Saturday, September 17, 2011

Recalibrating

I'm getting the exercise down, but I think I'm also slipping and eating a lot more than I should, especially in the evenings.  Partly that's due to letting myself have a glass of wine.  It's not the wine itself, but the munchies and lack of inhibitions (food-wise) that come with the wine.  Since I don't really want to give up wine entirely, I'm back to calorie counting.  That got me going on my diet and helped keep me honest.  When I was done for the day, I was either done eating and drinking or I would have to exercise more.  Amazing how well that simple equation works.  So I'm back to math. 

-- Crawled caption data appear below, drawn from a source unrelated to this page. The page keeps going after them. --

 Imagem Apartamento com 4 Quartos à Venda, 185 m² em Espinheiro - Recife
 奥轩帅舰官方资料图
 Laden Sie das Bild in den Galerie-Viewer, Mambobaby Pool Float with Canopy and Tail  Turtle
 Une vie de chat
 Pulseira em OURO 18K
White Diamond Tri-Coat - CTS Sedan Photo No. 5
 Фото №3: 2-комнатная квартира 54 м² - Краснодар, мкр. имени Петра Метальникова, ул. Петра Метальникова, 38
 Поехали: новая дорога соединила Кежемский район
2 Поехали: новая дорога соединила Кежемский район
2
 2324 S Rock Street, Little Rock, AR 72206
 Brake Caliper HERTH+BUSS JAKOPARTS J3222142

Also refiguring how active I should be in more than just the exercise area.  At night, I just sit around.  Perhaps because I am more active at other times during the day, I feel the lack of movement more and feel like a slug.  So I'm taking up art again--standing and painting or drawing or ANYTHING is better than flipping through the channels.  Looking into an art group that would meet once a week.  Perhaps that would help me on two fronts:  being out and busy one night and meeting people.  If I can do more two-fers, all the better. 

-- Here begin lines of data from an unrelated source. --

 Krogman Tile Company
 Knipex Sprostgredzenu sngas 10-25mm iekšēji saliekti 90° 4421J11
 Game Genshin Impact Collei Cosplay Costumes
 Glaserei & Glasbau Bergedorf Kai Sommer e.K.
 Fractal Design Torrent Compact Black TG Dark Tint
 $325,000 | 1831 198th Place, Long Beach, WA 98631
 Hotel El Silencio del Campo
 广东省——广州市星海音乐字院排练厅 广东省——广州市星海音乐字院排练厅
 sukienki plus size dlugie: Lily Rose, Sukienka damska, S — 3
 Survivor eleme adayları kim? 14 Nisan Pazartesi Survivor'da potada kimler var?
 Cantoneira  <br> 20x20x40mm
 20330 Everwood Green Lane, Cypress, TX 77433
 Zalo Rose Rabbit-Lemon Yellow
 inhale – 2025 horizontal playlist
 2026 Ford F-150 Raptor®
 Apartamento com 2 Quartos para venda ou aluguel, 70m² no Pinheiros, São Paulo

On the exercise front, took my bike in to get it fixed.  It will get me further afield than my walking/running.  I may try to bike up to  Yellow Springs and spend the night, maybe take weekend trips with my bike somewhere, see where I can travel at other points along this or another bike trail.

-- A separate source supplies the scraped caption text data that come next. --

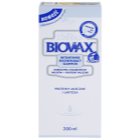 L'biotica Biovax Weak Hair sampon hranitor pentru par deteriorat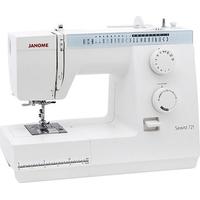 Janome Sewist 721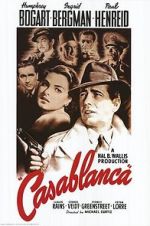 Watch Casablanca 123MoviesFree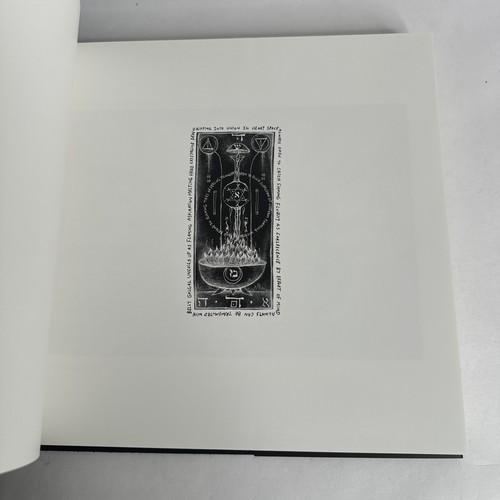 The Blazing Dew of Stars By David Chaim Smith, 2013 Hardcover RARE OOP Occult - Picture 4 of 6
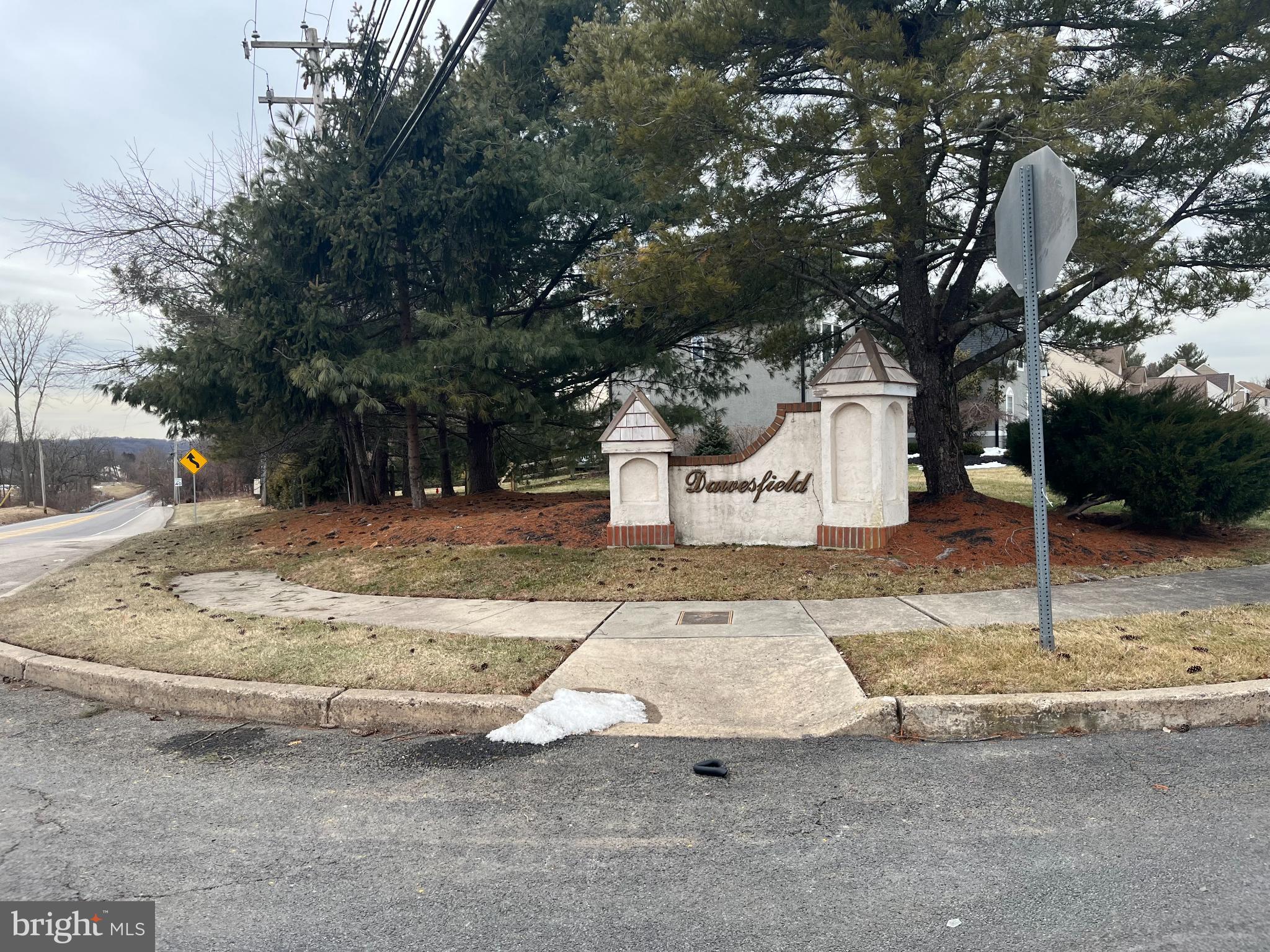 DAWESFIELD - Residential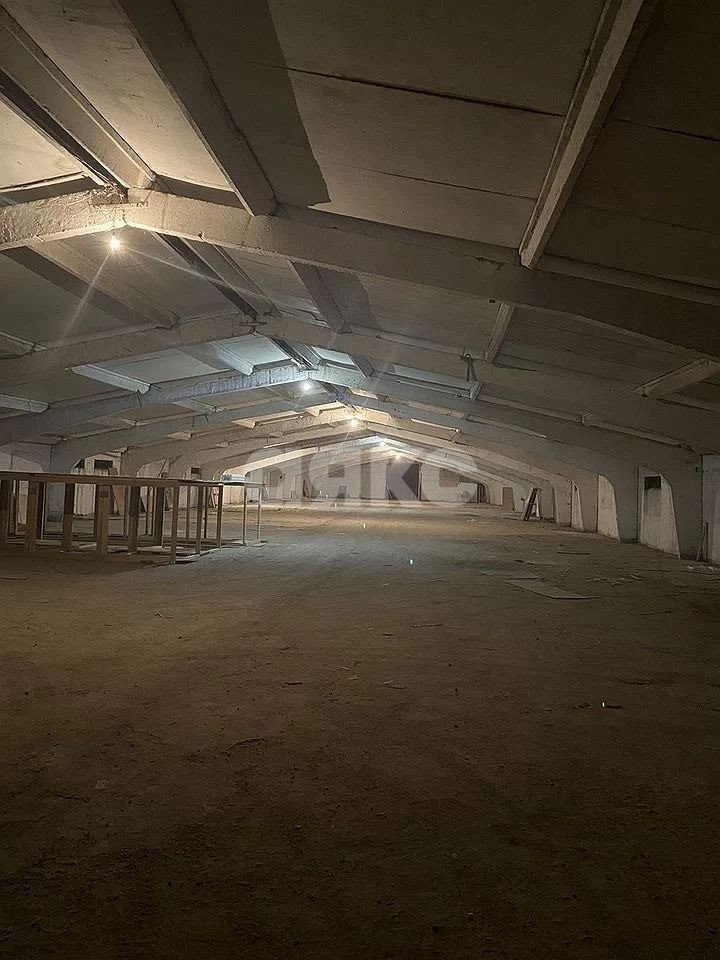 Фото №2: Коммерция 2150 м² - Ростов-на-Дону, Западный, ул. Совхозная, 2П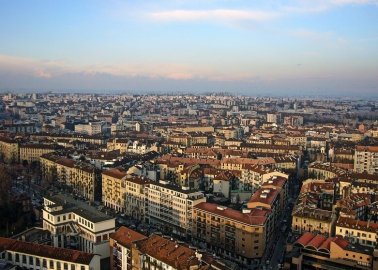 Could Turin Become Italy’s First Vegan City?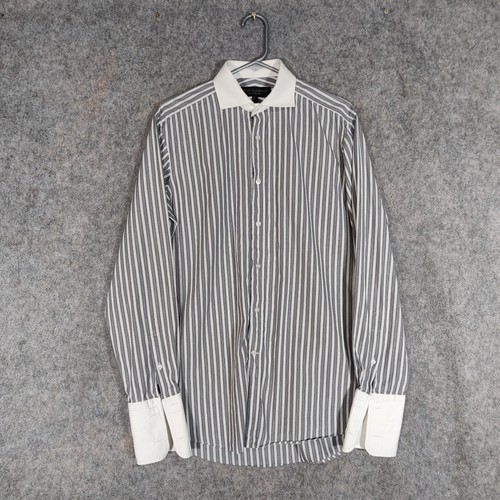 Gieves hawkes shirt size - gieves, &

I do love being outside.  I'm sitting right now on the front "porch" of Bruegger Bagels; beautiful temp, blue sky, pretty clouds.  Forcing myself to think of my syllabus . . . . Yes . . . .

A last hurrah for the HHC walking club this summer.  I will miss my gal pals and their encouragement.  I will still see them, but since we won't be walking, that's a bit different.  May try to talk them into some other kinds of activities, like climbing, etc. 

Recalibrating is a good thing.  Keeps things fresh and thoughtful.